Jones' delay is at least a shortcoming, for which she has not shown good cause. The Board has committed no error of law and there is substantial evidence to support its conclusion that her unemployment was due to her fault.

Affirmed.

Order

The order of the Unemployment Compensation Board of Review, No. B-208528 dated July 30, 1982, is affirmed.

Disposition

Affirmed.

Dissenting Opinion by Judge Colins:

I must respectfully dissent. I do not believe that petitioner's behavior here characterized by the majority as "at least a shortcoming, for which she has not shown good cause," is enough to constitute fault as intended by Section 3.

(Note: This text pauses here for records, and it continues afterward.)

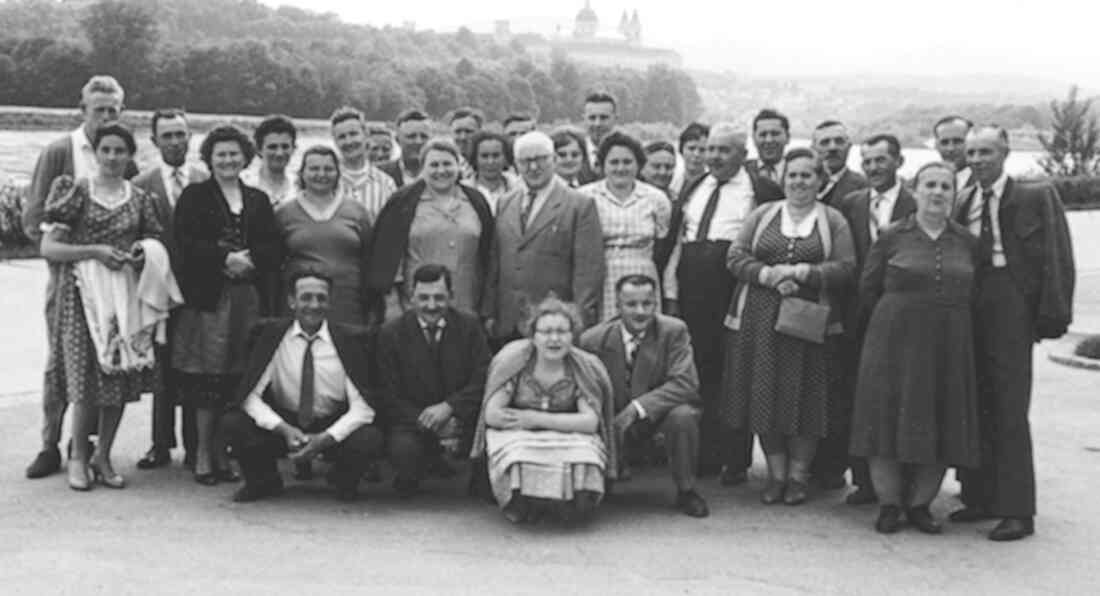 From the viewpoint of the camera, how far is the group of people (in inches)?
210

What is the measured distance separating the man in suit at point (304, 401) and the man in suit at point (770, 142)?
2446 mm

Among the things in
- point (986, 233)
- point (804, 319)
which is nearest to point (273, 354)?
point (804, 319)

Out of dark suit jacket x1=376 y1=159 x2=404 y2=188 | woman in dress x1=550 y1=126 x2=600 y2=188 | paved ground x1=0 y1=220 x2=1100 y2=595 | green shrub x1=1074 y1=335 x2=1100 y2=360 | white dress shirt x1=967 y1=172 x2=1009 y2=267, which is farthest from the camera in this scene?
green shrub x1=1074 y1=335 x2=1100 y2=360

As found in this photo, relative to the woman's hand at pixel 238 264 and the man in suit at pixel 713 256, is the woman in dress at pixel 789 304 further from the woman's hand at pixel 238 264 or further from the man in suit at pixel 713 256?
the woman's hand at pixel 238 264

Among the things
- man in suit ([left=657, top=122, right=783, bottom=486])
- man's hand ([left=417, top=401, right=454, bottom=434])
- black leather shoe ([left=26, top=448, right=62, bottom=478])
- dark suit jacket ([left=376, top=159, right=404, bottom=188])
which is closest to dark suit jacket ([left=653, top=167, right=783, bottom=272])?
man in suit ([left=657, top=122, right=783, bottom=486])

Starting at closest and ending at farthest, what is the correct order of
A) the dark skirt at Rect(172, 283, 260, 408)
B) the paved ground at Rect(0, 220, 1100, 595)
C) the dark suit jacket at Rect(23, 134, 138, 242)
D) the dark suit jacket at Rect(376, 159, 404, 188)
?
the paved ground at Rect(0, 220, 1100, 595), the dark skirt at Rect(172, 283, 260, 408), the dark suit jacket at Rect(23, 134, 138, 242), the dark suit jacket at Rect(376, 159, 404, 188)

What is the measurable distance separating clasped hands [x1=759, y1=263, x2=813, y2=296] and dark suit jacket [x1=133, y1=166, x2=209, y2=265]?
289cm

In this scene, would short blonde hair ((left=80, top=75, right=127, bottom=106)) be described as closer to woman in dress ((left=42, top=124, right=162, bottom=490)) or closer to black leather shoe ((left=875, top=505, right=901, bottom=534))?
woman in dress ((left=42, top=124, right=162, bottom=490))

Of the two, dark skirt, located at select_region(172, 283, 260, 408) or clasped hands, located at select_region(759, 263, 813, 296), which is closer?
clasped hands, located at select_region(759, 263, 813, 296)

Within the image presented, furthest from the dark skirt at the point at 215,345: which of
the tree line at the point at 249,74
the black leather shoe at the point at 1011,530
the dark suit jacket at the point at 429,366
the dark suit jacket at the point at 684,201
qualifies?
the tree line at the point at 249,74

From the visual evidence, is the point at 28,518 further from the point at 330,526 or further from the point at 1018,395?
the point at 1018,395

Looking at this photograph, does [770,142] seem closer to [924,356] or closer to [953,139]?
[953,139]

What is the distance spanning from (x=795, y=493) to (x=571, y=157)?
223 cm

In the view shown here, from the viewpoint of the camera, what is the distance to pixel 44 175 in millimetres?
6008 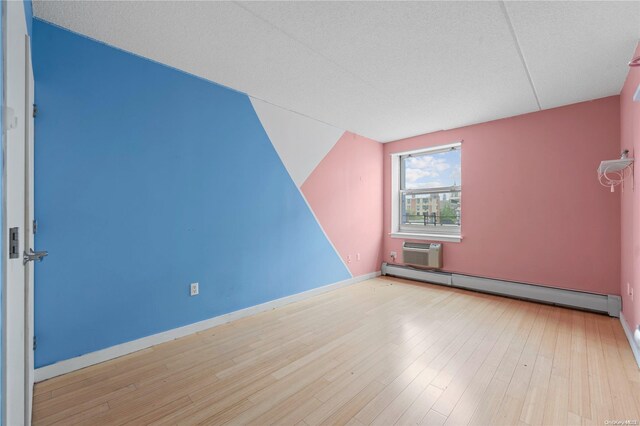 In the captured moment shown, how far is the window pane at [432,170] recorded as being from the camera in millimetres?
4586

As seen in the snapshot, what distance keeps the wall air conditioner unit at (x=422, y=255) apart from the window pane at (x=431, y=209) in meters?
0.49

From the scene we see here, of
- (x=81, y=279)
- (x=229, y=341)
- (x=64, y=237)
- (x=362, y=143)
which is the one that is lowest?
(x=229, y=341)

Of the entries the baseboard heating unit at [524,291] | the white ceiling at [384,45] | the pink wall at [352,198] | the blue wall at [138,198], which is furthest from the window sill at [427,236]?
the blue wall at [138,198]

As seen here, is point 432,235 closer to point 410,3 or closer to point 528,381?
point 528,381

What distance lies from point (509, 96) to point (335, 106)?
198 cm

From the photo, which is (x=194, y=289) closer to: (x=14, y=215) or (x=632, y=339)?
(x=14, y=215)

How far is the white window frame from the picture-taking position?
450 centimetres

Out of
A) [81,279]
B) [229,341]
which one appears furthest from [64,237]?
[229,341]

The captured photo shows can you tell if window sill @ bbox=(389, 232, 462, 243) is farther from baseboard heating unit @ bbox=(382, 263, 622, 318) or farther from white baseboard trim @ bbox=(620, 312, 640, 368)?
white baseboard trim @ bbox=(620, 312, 640, 368)

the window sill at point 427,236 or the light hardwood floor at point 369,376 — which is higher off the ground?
the window sill at point 427,236

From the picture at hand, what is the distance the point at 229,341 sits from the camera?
255cm

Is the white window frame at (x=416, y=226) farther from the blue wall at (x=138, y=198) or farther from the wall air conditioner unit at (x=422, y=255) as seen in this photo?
the blue wall at (x=138, y=198)

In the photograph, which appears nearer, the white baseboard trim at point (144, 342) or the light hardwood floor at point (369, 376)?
the light hardwood floor at point (369, 376)

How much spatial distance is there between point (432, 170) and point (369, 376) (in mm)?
3784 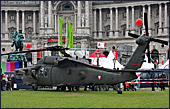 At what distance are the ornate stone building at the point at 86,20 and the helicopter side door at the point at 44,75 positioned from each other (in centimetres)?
6637

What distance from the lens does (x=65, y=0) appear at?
108188 millimetres

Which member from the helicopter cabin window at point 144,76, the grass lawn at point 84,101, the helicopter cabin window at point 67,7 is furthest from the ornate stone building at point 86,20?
the grass lawn at point 84,101

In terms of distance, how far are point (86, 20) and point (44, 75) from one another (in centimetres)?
7326

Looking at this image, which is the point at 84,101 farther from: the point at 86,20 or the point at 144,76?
the point at 86,20

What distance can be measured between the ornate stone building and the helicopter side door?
218 feet

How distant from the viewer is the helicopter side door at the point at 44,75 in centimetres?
3550

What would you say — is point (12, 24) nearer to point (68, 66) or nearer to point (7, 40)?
point (7, 40)

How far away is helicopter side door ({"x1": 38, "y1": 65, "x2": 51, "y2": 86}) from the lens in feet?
116

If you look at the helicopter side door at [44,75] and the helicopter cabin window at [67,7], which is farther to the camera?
the helicopter cabin window at [67,7]

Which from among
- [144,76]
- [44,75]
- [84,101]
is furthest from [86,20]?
[84,101]

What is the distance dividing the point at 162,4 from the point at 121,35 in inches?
620

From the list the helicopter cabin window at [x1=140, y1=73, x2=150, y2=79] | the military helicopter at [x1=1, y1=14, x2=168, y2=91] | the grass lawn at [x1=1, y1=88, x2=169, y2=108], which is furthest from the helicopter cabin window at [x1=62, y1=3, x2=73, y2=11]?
the grass lawn at [x1=1, y1=88, x2=169, y2=108]

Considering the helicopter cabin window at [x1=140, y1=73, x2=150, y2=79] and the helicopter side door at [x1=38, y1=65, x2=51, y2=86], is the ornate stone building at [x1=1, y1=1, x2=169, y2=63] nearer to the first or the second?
the helicopter cabin window at [x1=140, y1=73, x2=150, y2=79]

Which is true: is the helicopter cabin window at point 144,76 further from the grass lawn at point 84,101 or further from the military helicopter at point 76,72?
the grass lawn at point 84,101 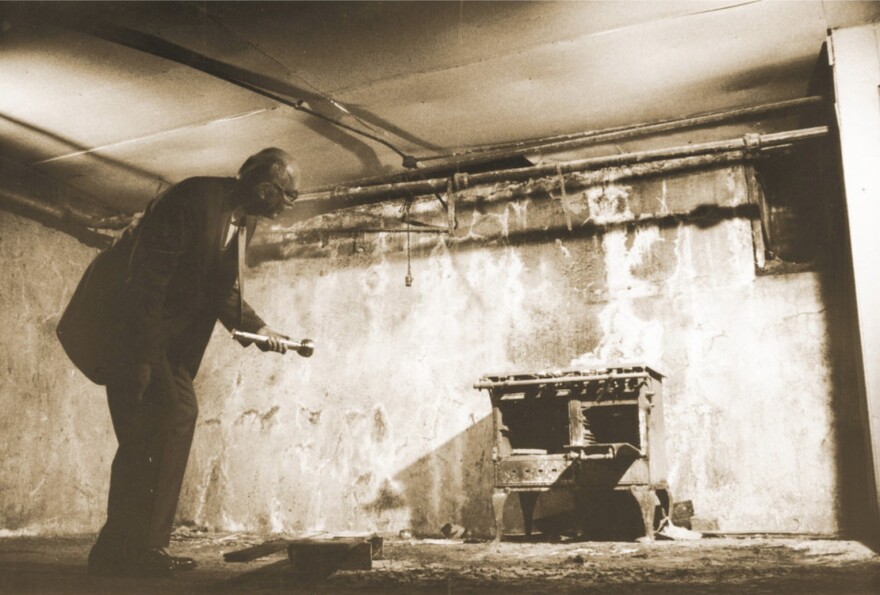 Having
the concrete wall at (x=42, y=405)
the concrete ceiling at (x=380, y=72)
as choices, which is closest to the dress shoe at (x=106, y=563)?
the concrete ceiling at (x=380, y=72)

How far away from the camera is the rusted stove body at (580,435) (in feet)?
15.8

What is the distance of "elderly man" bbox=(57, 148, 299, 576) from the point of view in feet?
11.9

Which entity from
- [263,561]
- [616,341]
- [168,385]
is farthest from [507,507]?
[168,385]

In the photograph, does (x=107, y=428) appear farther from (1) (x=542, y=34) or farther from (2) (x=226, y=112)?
(1) (x=542, y=34)

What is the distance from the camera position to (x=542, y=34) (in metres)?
4.70

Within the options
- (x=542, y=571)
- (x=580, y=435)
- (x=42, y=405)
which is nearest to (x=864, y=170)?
(x=580, y=435)

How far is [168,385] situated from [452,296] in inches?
128

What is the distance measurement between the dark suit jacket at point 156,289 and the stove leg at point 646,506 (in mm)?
2954

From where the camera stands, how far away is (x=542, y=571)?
3664 millimetres

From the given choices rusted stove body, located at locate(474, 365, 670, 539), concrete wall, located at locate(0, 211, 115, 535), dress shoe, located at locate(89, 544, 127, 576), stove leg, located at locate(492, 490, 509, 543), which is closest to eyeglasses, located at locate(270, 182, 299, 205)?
rusted stove body, located at locate(474, 365, 670, 539)

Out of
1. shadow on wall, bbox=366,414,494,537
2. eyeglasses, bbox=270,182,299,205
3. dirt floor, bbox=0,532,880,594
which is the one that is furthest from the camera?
shadow on wall, bbox=366,414,494,537

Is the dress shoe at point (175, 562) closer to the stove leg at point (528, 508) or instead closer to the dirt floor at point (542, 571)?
the dirt floor at point (542, 571)

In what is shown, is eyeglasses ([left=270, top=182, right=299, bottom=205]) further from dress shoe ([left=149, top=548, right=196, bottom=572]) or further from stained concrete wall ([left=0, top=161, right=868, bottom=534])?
stained concrete wall ([left=0, top=161, right=868, bottom=534])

Ms. Jones had completed two of the three courses required in order for her to receive a permanent certification. She had enrolled in the third course but had not completed it by February 1982. She had been led to believe that she could obtain a reissued Emergency Certificate if she had begun the final course by the beginning of the school year. (She did complete the course by April 2, 1982).

Our Supreme Court, in Penn Hills School District v. Unemployment Compensation Board of Review, 496 Pa. 620, 625, 437 A.2d 1213, 1215 (1981), clearly required that "an unemployed worker can be denied benefits only by explicit language in the Act, which clearly and plainly excludes that worker from its coverage." (Emphasis in original.)

Petitioner's failure to gain certification is not specifically enumerated in any section of the Act, nor is it alleged to be willful misconduct. In view of the ameliorative intent of the Act, I believe that petitioner's

[ 86 Pa. Commw. Page 410]

    inaction does not constitute fault within Section 3, and does not fit within any of the enumerated exclusions of the Act. Therefore, she should be allowed to receive benefits.